■ WHAT TO WORK ON: When you reach the line that contains "7004-7018 SW 4th", begin copying exactly, and continue through the last line of the data; no pictures belong in the copy.

■ TASK INPUTS:
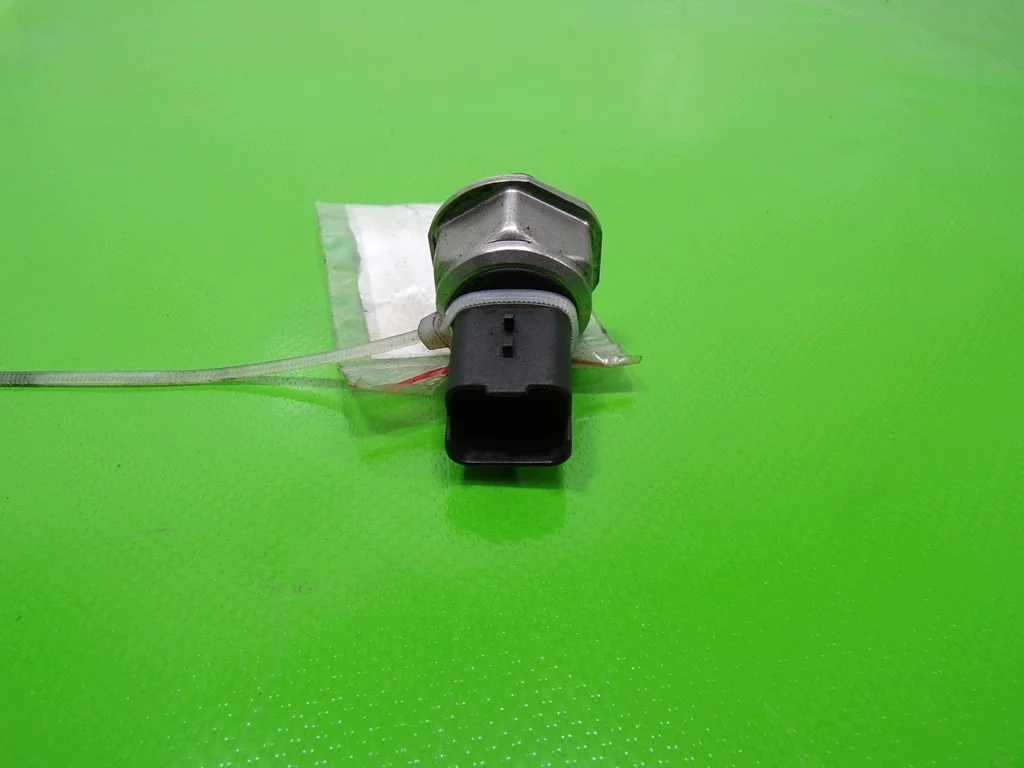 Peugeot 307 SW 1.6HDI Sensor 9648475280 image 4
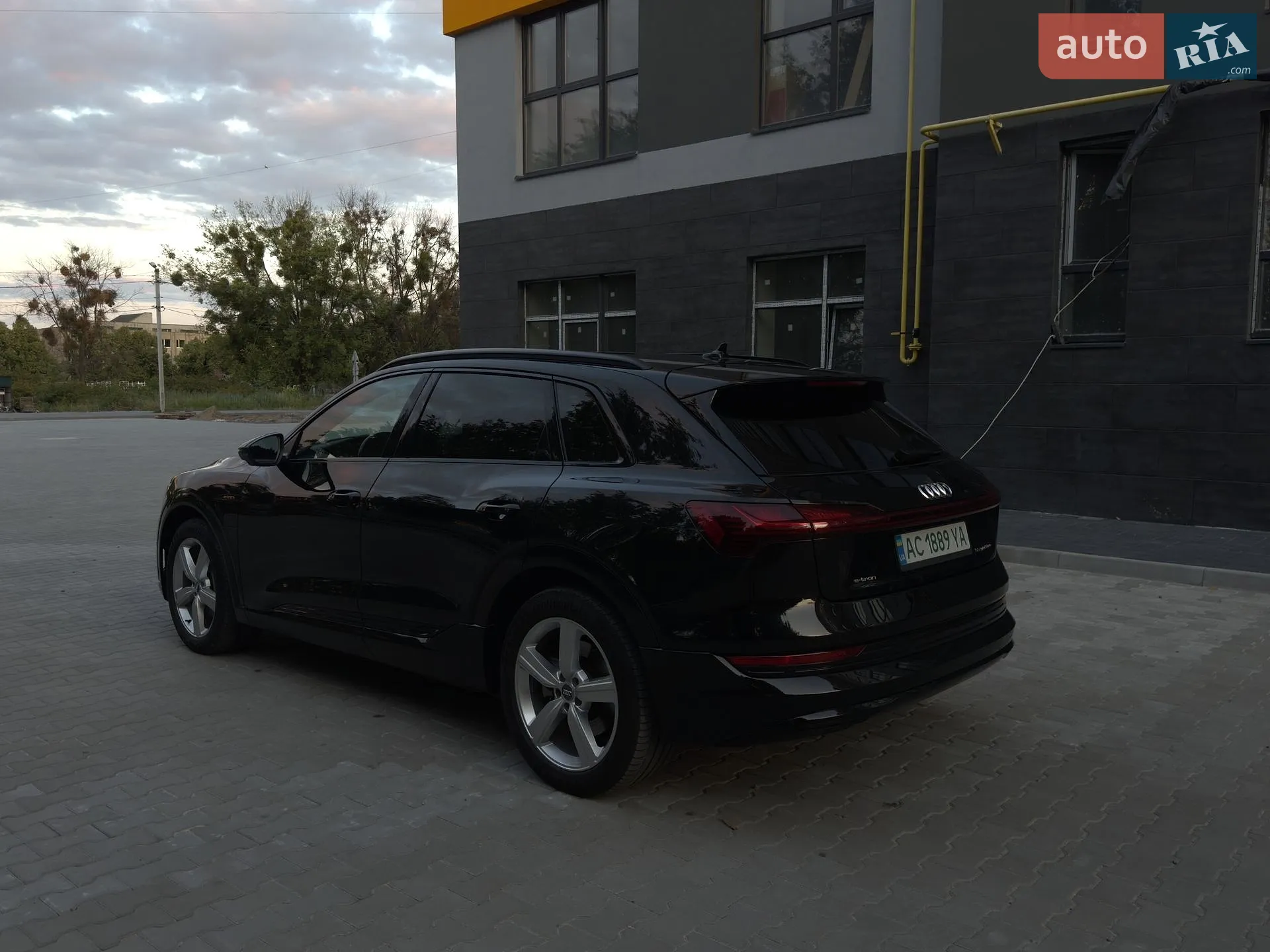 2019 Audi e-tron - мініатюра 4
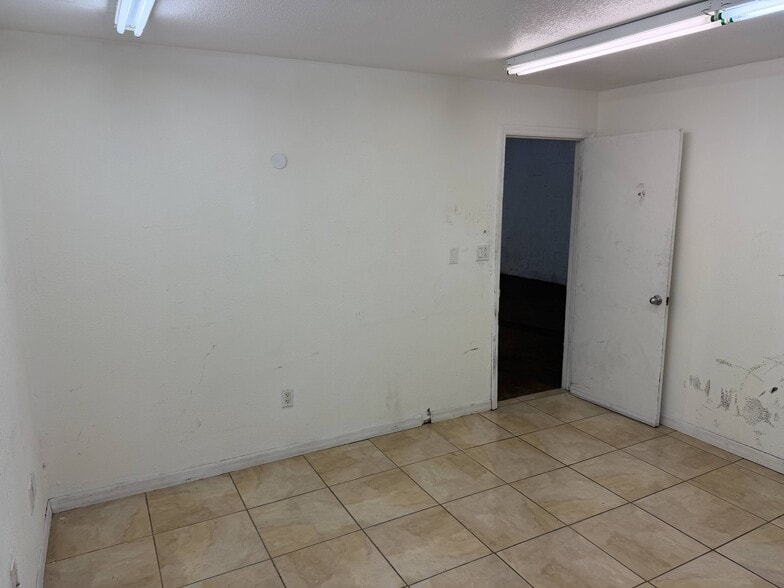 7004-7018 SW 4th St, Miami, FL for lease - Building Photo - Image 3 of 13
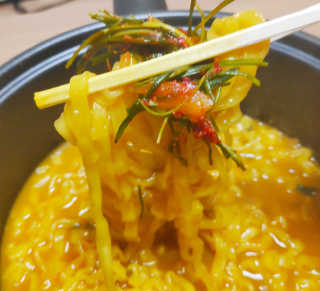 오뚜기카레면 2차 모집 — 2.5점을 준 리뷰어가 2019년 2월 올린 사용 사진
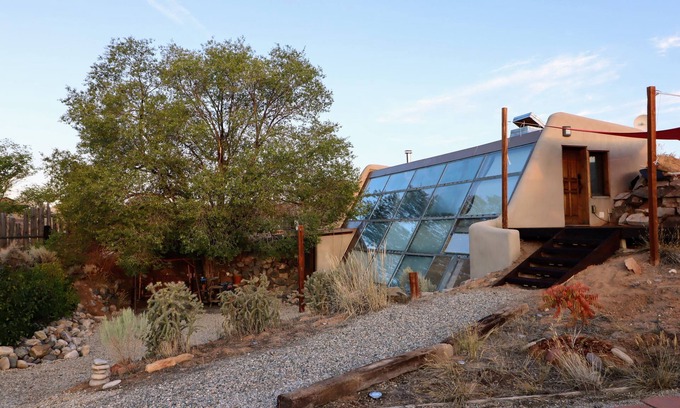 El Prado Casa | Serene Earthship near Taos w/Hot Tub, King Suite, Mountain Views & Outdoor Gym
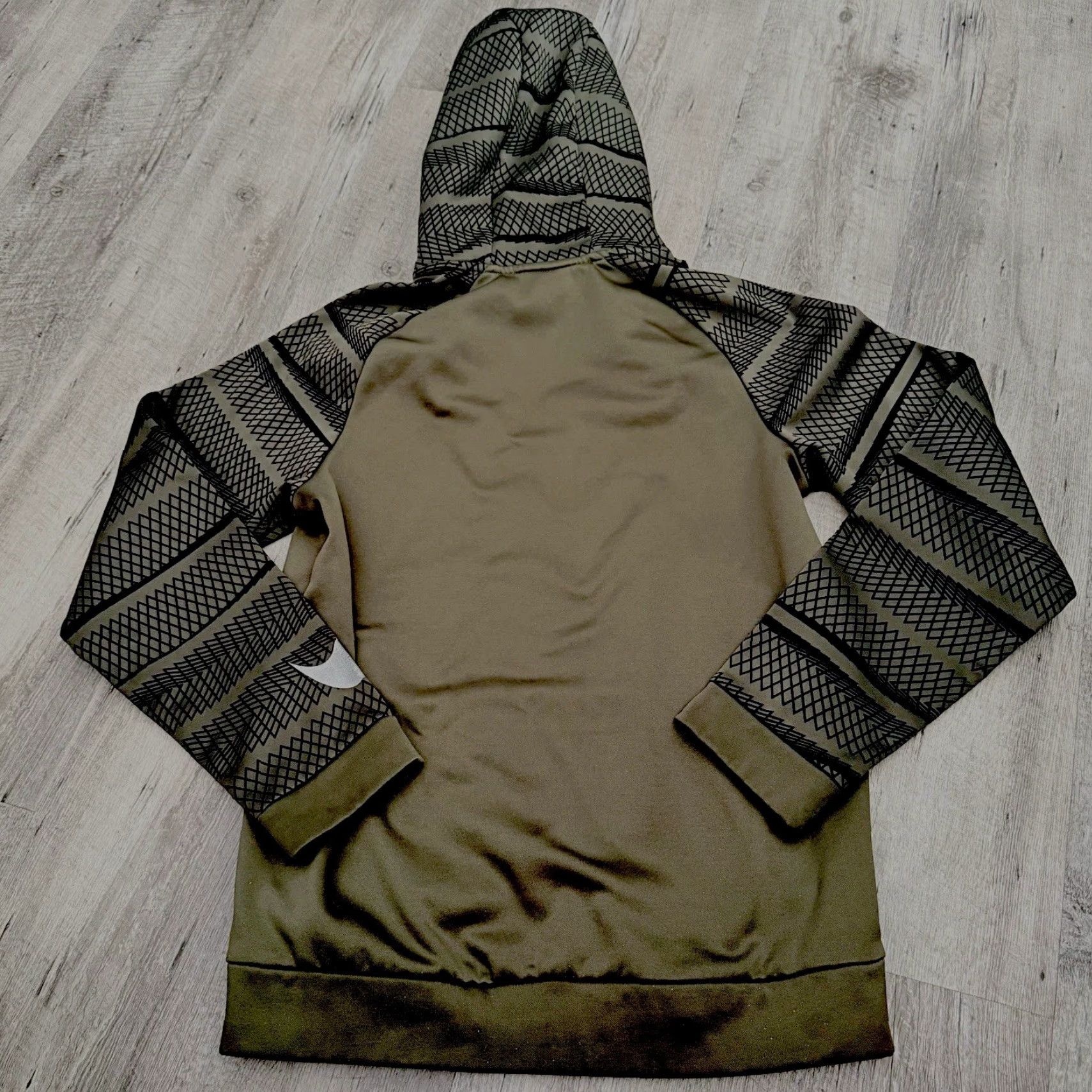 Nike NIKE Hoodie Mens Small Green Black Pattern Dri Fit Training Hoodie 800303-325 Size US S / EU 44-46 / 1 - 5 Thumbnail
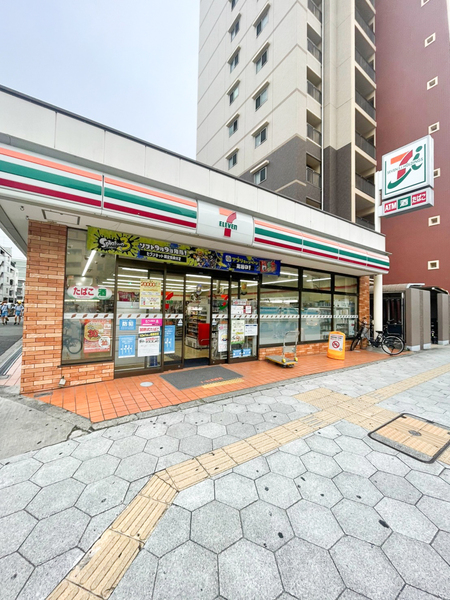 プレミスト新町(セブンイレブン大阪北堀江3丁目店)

■ RESPONSE TO THIS TASK:
 7004-7018 SW 4th St, Miami, FL for lease - Building Photo - Image 3 of 13
 오뚜기카레면 2차 모집 — 2.5점을 준 리뷰어가 2019년 2월 올린 사용 사진
 El Prado Casa | Serene Earthship near Taos w/Hot Tub, King Suite, Mountain Views & Outdoor Gym
 Nike NIKE Hoodie Mens Small Green Black Pattern Dri Fit Training Hoodie 800303-325 Size US S / EU 44-46 / 1 - 5 Thumbnail
 プレミスト新町(セブンイレブン大阪北堀江3丁目店)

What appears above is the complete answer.